**Task**
Reproduce verbatim only the lines from the one containing "Yin Yang Wado Ryu 1 Coffee Mug" through the last line below, both included.

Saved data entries
◇ ◇ ◇

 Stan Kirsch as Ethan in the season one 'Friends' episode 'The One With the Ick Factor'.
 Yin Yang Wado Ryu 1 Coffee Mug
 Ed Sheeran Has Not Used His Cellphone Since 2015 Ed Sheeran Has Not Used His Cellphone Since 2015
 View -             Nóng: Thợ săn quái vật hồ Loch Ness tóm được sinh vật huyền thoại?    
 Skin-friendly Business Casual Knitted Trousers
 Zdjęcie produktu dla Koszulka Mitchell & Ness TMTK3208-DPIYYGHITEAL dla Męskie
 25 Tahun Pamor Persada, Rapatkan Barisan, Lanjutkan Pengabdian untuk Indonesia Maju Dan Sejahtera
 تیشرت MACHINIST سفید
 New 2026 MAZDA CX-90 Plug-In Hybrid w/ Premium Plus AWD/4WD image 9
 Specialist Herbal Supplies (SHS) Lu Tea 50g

◇ ◇ ◇

**Exercise result**
 Yin Yang Wado Ryu 1 Coffee Mug
 Ed Sheeran Has Not Used His Cellphone Since 2015 Ed Sheeran Has Not Used His Cellphone Since 2015
 View -             Nóng: Thợ săn quái vật hồ Loch Ness tóm được sinh vật huyền thoại?    
 Skin-friendly Business Casual Knitted Trousers
 Zdjęcie produktu dla Koszulka Mitchell & Ness TMTK3208-DPIYYGHITEAL dla Męskie
 25 Tahun Pamor Persada, Rapatkan Barisan, Lanjutkan Pengabdian untuk Indonesia Maju Dan Sejahtera
 تیشرت MACHINIST سفید
 New 2026 MAZDA CX-90 Plug-In Hybrid w/ Premium Plus AWD/4WD image 9
 Specialist Herbal Supplies (SHS) Lu Tea 50g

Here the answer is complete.